The TFN withholding rules apply to most closely held trusts (including family trusts) and their beneficiaries, with some exclusions.
Closely held trusts
For the purposes of the TFN withholding rules, a closely held trust is a resident trust that either:
- has up to 20 individuals who, between them – directly or indirectly, and for their own benefit – have fixed entitlements to a 75% or greater share of the income or a 75% or greater share of the capital of the trust (the '20/75 test')
- is a discretionary trust
However, a trust is not a closely held trust if it's an excluded trust.
Individuals
The following groups of people are taken to be a single individual for the '20/75 test':
- an individual, whether or not they hold fixed entitlements directly in the trust
- the individual's relatives
- other individuals who, in relation to any fixed entitlements, are nominees of the individual or the individual's relatives.

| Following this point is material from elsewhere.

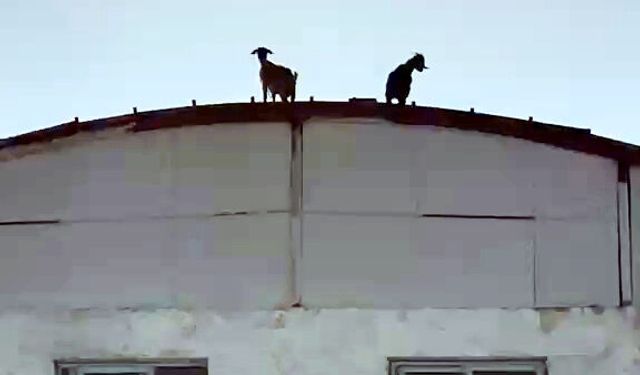 Keçiler, 3 katlı inşaatın çatısına çıktı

The trustee of a discretionary trust that is also a beneficiary of the trust is taken to be an individual if:
- the trustee holds a fixed entitlement to a share of the income or capital of the trust
- no person holds that fixed entitlement directly or indirectly through the discretionary trust.
Discretionary trusts
A discretionary trust is a trust that is not a fixed trust.
To be a fixed trust, persons must hold fixed entitlements (that is, vested and indefeasible interests) to all of the income and capital of the trust.

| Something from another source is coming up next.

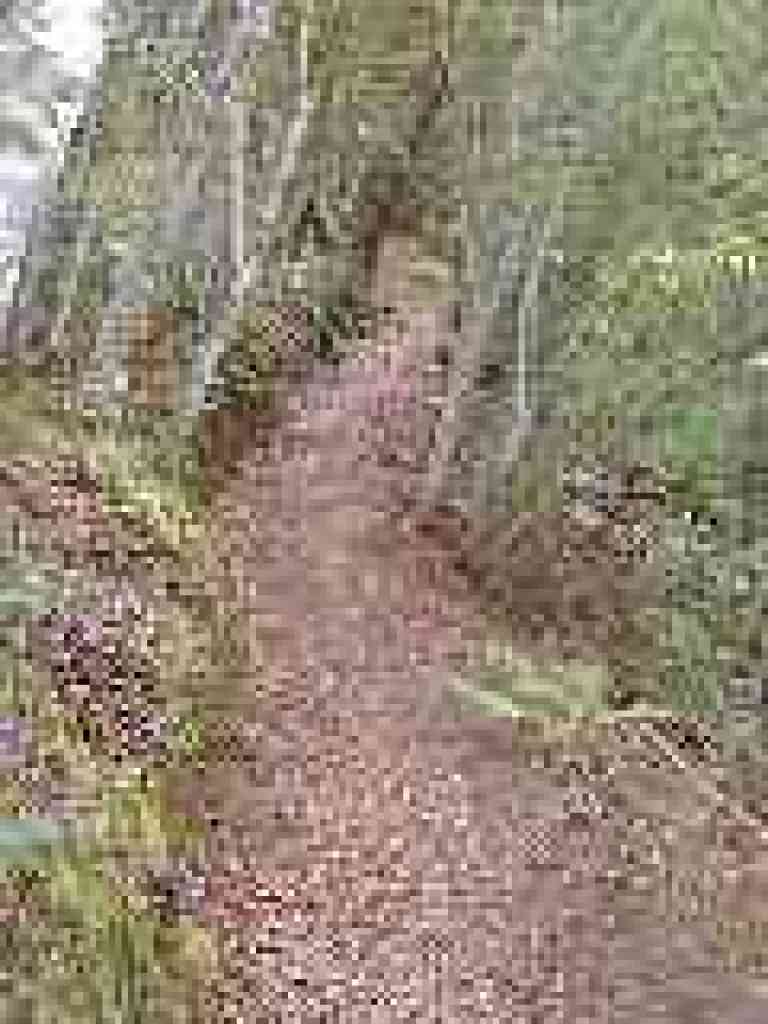 Contour Trail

A trust where the trustee has discretion to determine how the trust property or income is distributed to beneficiaries would be a discretionary trust.
Excluded trusts
A trust will be an excluded trust if it is:
- a complying super fund, complying approved deposit fund or a pooled super trust at the relevant time
- a trust of a deceased estate (up until the end of the income year in which the fifth anniversary of the individual's death occurs)
- a fixed trust that is a unit trust where all of the beneficiaries are entities exempt from income tax, and have fixed entitlements to all of the income and capital of the trust
- a unit trust whose units are listed on the Australian Securities Exchange.
The Regulations also exclude the following types of trusts from the application of the TFN withholding rules:
- a trust that is a discretionary mutual fund according to the meaning in subsections 5(5) and 5(6) of the Financial Sector (Collection of Data) Act 2001External Link
- an employee share trust for an employee share scheme (see subsection 130-85(4) of the Income Tax Assessment Act 1997)
- a law practice trust, which is a trust regulated by a state or territory law for the regulation of legal practices or legal services.
Affected beneficiaries
The TFN withholding rules apply to most beneficiaries of closely held trusts, regardless of whether they are an individual, company, partnership, trust, or super fund.
Beneficiaries receiving pensions and benefits, including the age pension and disability support pension, are not exempt from these rules. Beneficiaries must quote their TFN to the trustee to avoid having amounts withheld from payments made by the trustee.
The TFN withholding rules do not apply to beneficiaries:
- that are non-residents for tax purposes
- that are exempt entities as defined in the tax laws, such as tax concession charities, deductible gift recipients and other entities that self-assess their status as income tax exempt
- under a legal disability (for example, minors).